Un hombre está arrodillado ante las cámaras; su mirada no delata pánico ni consciencia. Detrás, un puñado de seres le rodean. En un momento dado la escena estática se transforma: se saca un cuchillo de carnicero y agarran al hombre hincado y lo tumban y el hombre comienza a gritar con estruendo y los alaridos nos traspasan mientras vemos cómo con el cuchillo comienzan a cortarle el cuello, sin dudas ni vacilaciones, y los aullidos van apagándose bajo un gorjeo insoportable, y, finalmente, su cabeza nos es mostrada en el aire, cogida de los pelos, muda ya para siempre.
Mi mirada sólo soportó el principio y el fin, pero escuché el sonido.

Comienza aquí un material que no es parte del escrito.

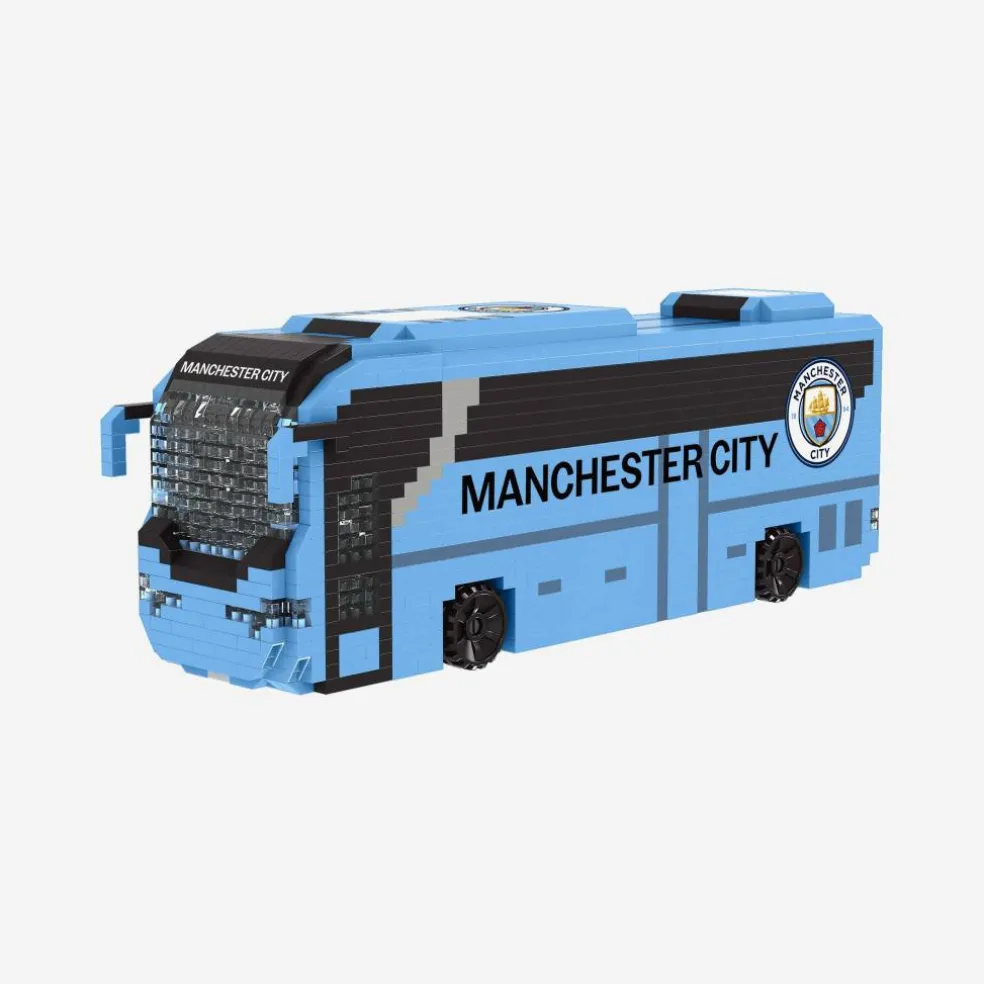 BRXLZ 3D Football Team Coach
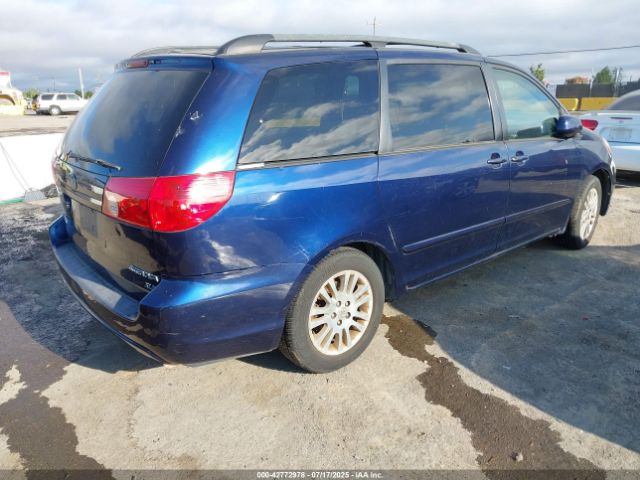 2007 TOYOTA SIENNA 5TDZK22CX7S067863 Photo 3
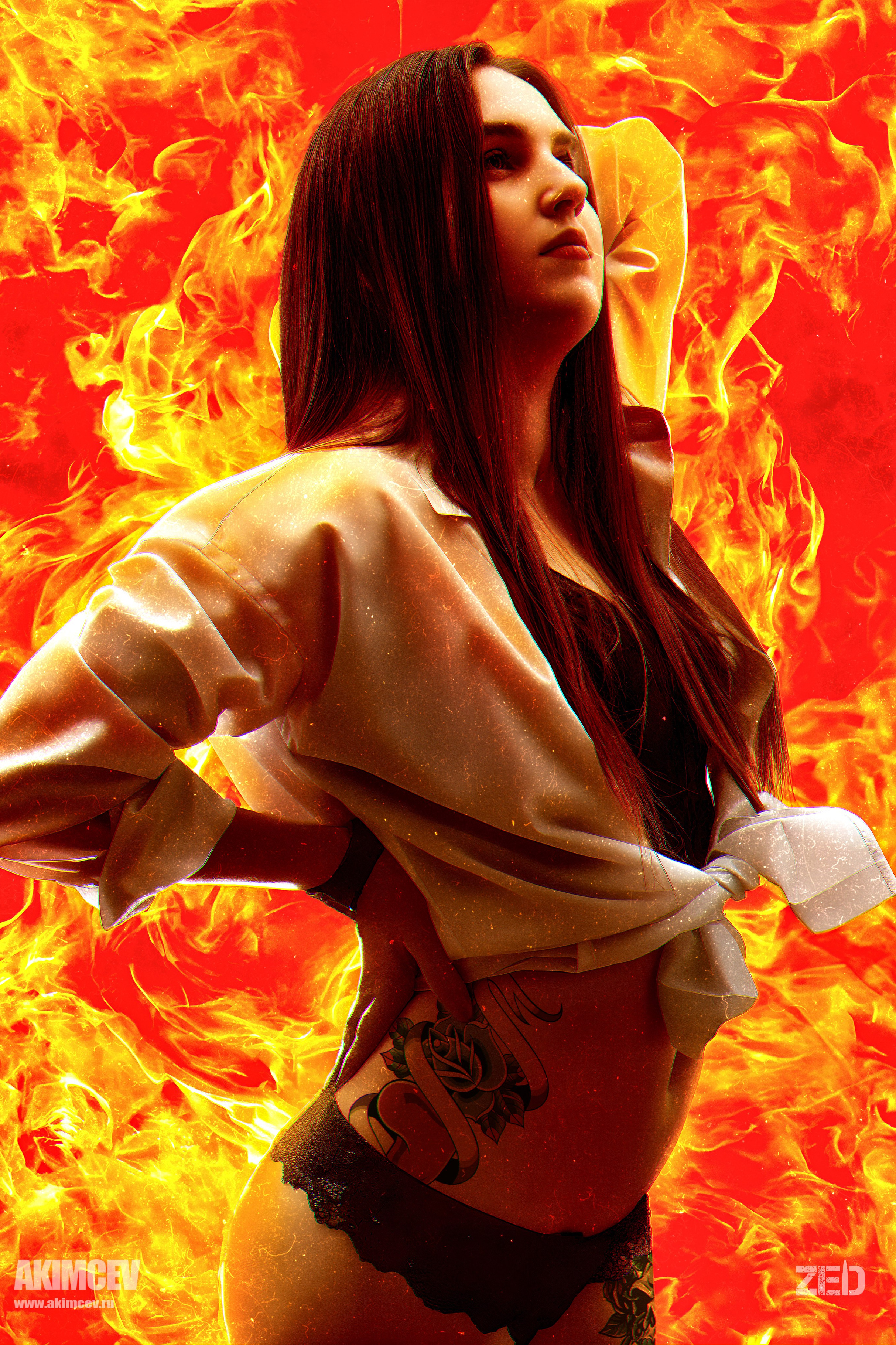 Графический дизайнер в Санкт-Петербурге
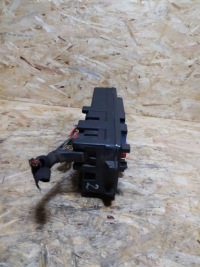 Коробка предохранителей 13187505 opel vectra c gts signum 2.2 Киев, фото thumb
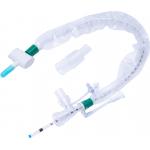 BESDATA Kim Vent closed suction system endotracheal tracheostomy ETT 24Hrs 72 Hrs adult pediatric secretion catheter tub for sale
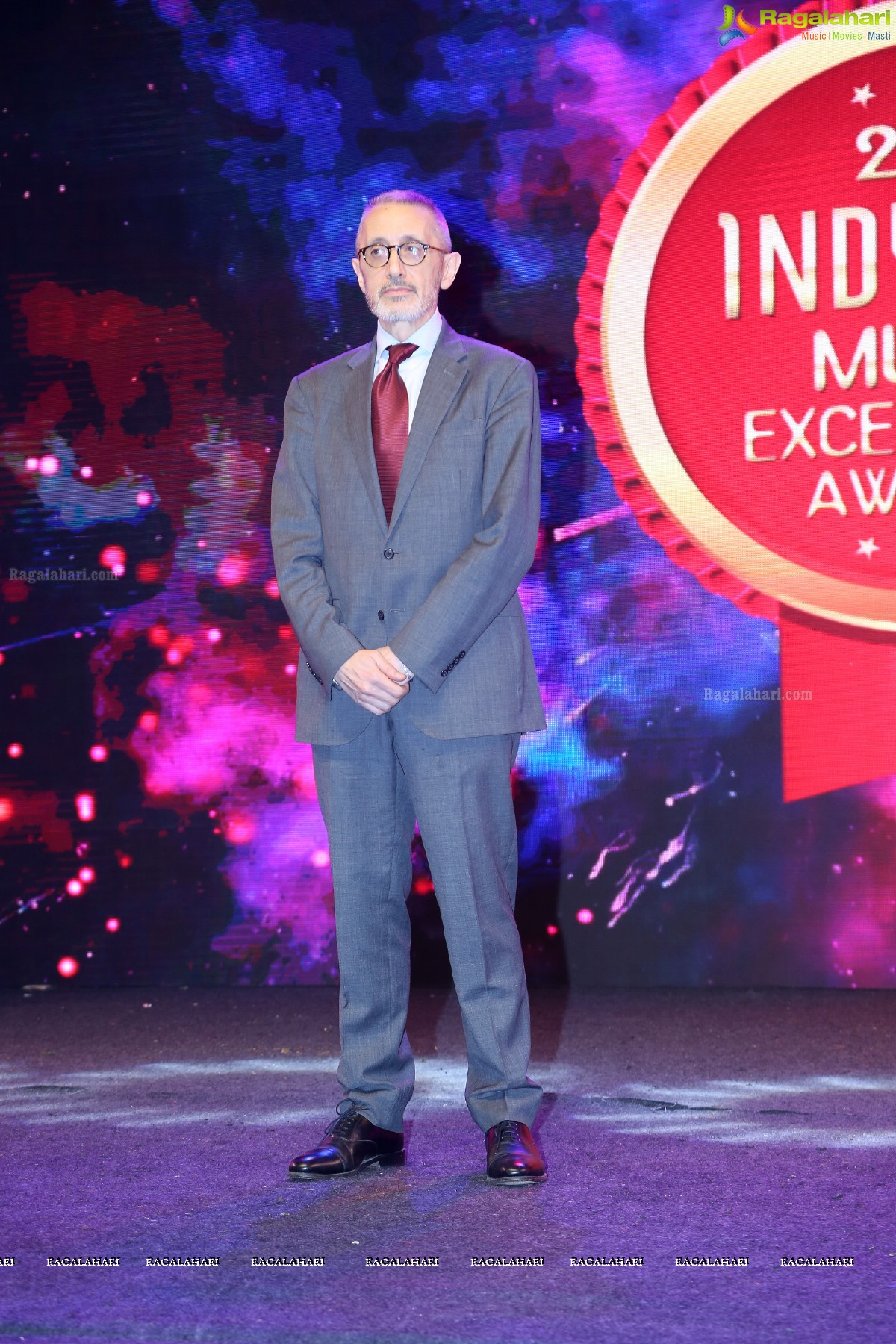 Indywood Film Carnival 4th Edition Day 3 - Fashion Show & Music Excellence Awards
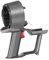 ZECKJVTD Boîtier D'assemblage du Corps Principal, Compatible avec Les Aspirateurs Dyson V11 Outsize SV16 SV29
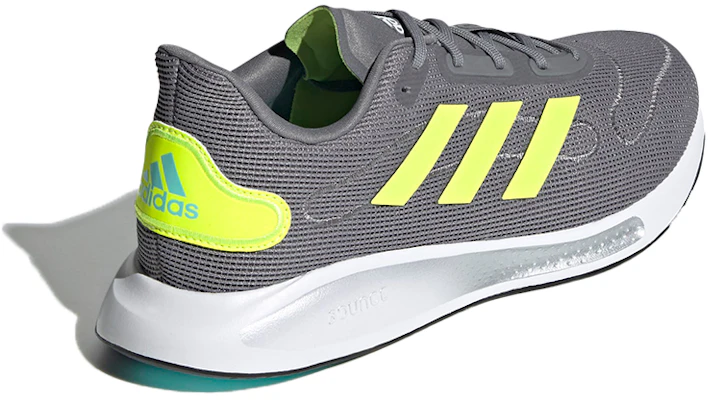 adidas Galaxar Lari /Hijau 'Kelabu' FX6885 Shop adidas Galaxar Lari /Hijau 'Kelabu' FX6885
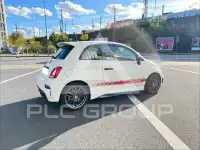 2015 Abarth 595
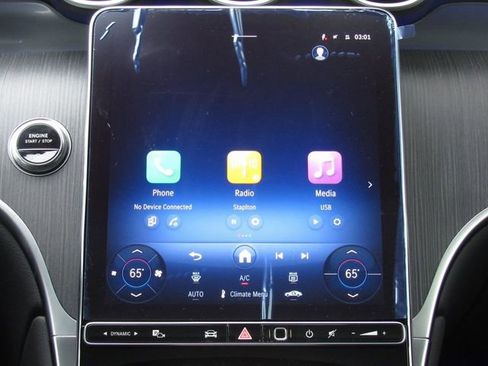 Certified 2026 Mercedes-Benz GLC 300 4MATIC image 30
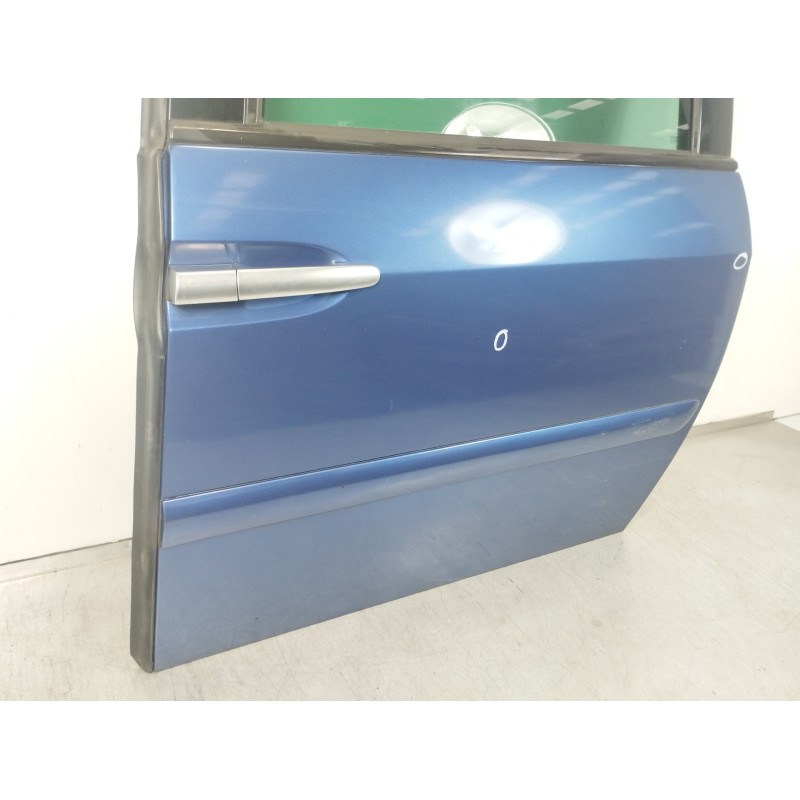 Recambio de puerta lateral corredera izquierda para citroën c8 hdi 109 fap premier automático referencia OEM IAM   
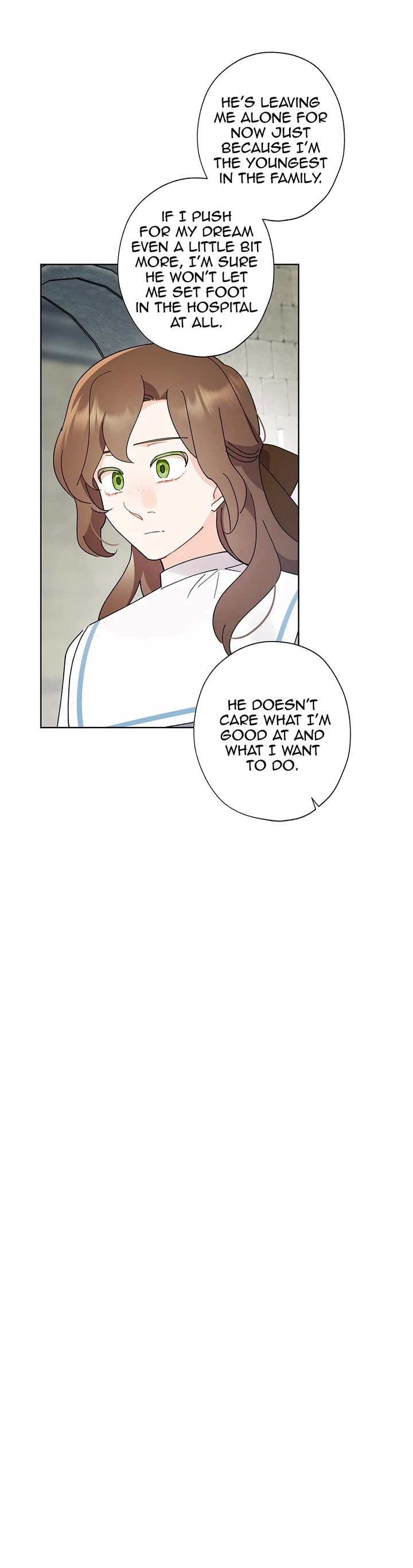 A Wicked Tale of Cinderella's Stepmom Chapter 121 page 27 - Chapter 121: Benefit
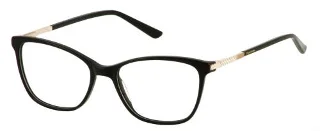 Elizabeth Arden Eyeglasses EA 1229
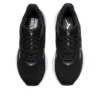 Mizuno Wave Rider 28 “Black Silver White”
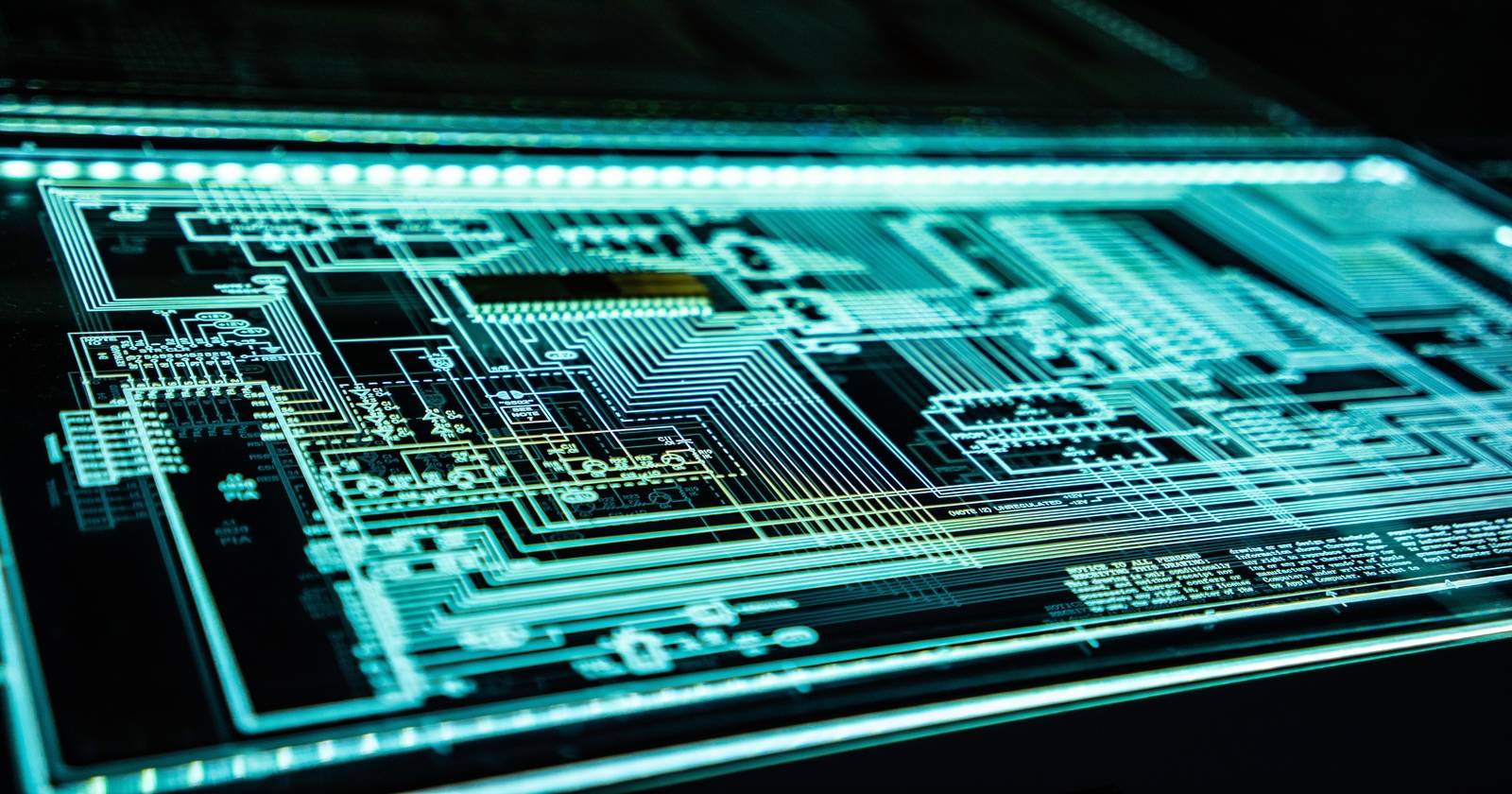 Nanocomputing: Can Computers Really Be Microscopic?
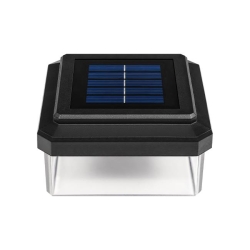 Lampa LED solarna na słupek 101x101mm-41947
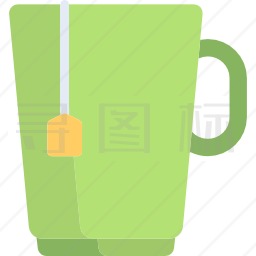 茶杯图标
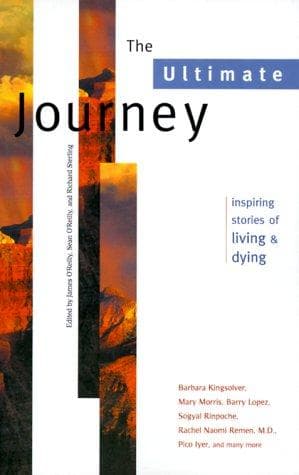 Tapa de The Ultimate Journey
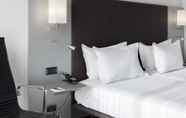 Kamar Tidur 4 AC Hotel Burgos by Marriott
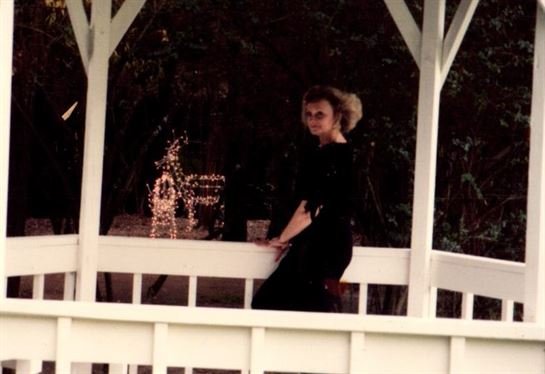 Mary Elizabeth Rush Mazoch - Photo 162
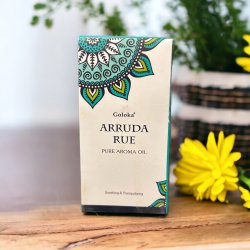 Doftolja, Arruda Rue Box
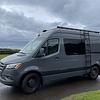 RV for Sale: 2021 SPRINTER CUSTOM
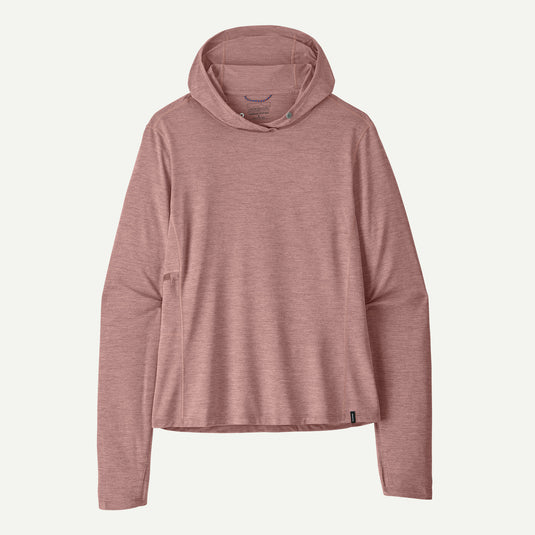 Patagonia Women's Cap Cool Sun Hoody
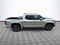 2026 Toyota Tundra Limited Hybrid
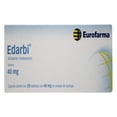 thumbnail image 3 of Edarbi 28 tabletas 40 mg, 3 of 4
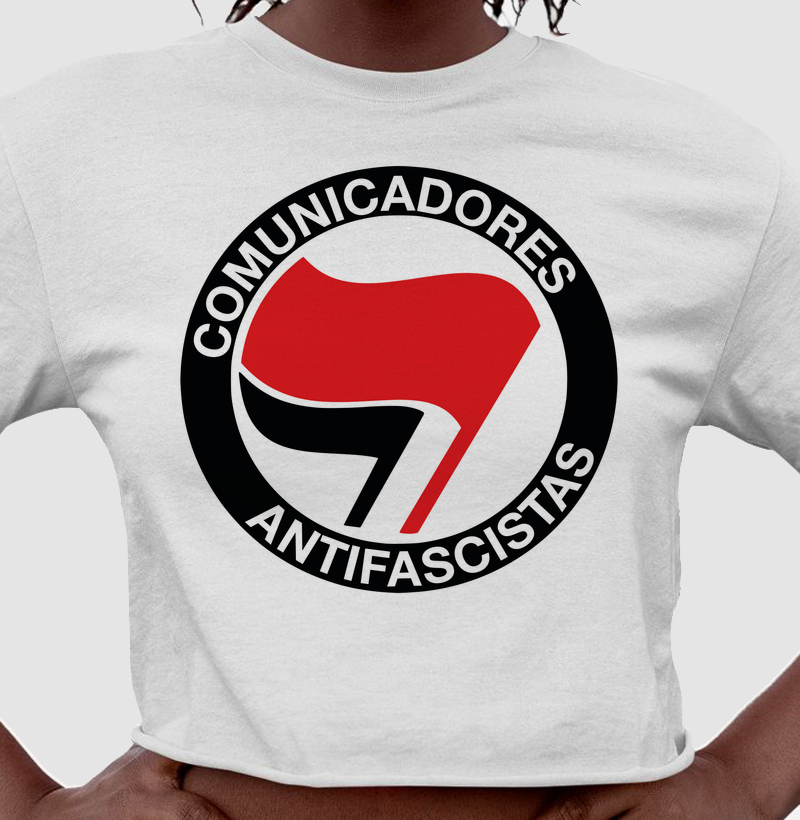 COMUNICADORES ANTIFASCISTAS
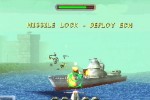 WarJetz (PlayStation)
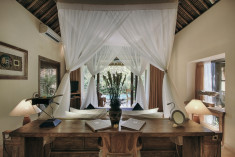 One Bedroom Pool Villa  at The Sankara Resort & Spa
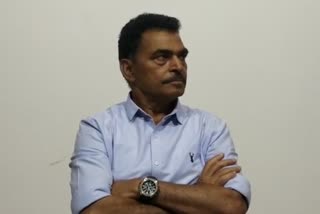 Sayaji Shinde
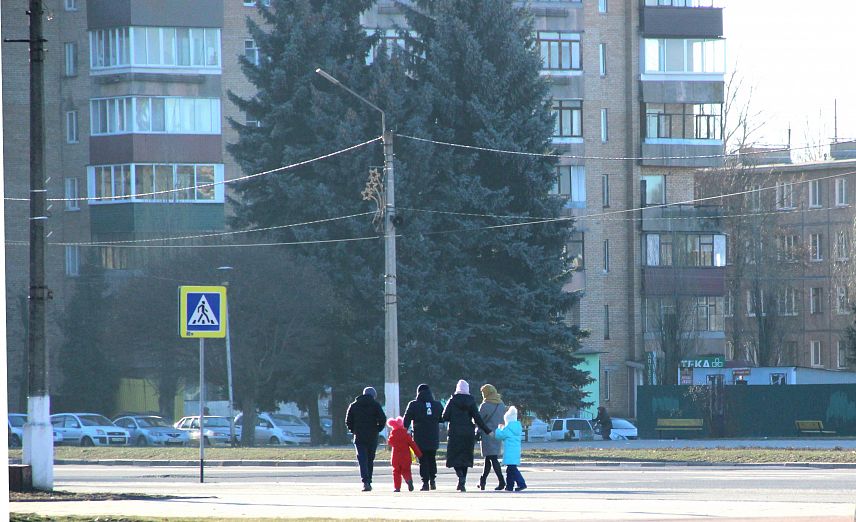 В Железногорске за два дня COVID-19 выявили ещё у 49 человек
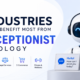 AI Receptionist Technology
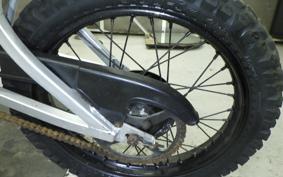 YAMAHA DT50 17W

Mientras lo hacía recordé las matanzas en mi casa. Participé de adolescente, cuando ya la musculación creciente me otorgaba el estatus de hombre. Yo odiaba hacerlo, pero tenía que cumplir ante aquella gente que no me consideraba de los suyos. Tenía miedo del enorme animal, pero tampoco entendía demasiado bien aquella barbarie. Entre cuatro o cinco lo agarrábamos. Yo procuraba situarme sobre alguna de las extremidades traseras, lejos de la boca y del cuchillo. El cerdo gritaba en cuanto sentía el contacto del primer hombre sobre su piel y ya no paraba hasta la muerte, y aquellos bramidos ensordecedores podían tocarse con las manos, y se pegaban a los huesos y permanecían allí hasta muchas horas después del sacrificio. Yo envidiaba en el matarife su destreza en el manejo del acero, pero sobre todo su decisión, su absoluta ausencia de duda o de indeterminación sobre lo que estaba haciendo. Cuando la bestia estaba suficientemente inmovilizada, él tentaba con la hoja sobre la piel buscando el corazón y de pronto, como un zahorí que encuentra el pozo, empujaba con firmeza la empuñadera. Era entonces cuando había que agarrar con todo el alma, y yo volcaba mi cuerpo sobre el cerdo y pedía en silencio que se muriese ya, que se callase ya. Pero los cerdos son fuertes, y el cuchillo debía removerse en la cavidad abierta para acelerar el vaciado del corazón, y la sangre manaba en chorro y golpeaba contra un cubo que la recogía, caliente. El final se advertía porque el bramido incesante se llenaba de brotes, de cascadas, de estertores. Mientras procedían a quemarle con rastrojos el vello del cuerpo yo corría a quitarme bajo el agua el sudor impregnado del olor de la agonía.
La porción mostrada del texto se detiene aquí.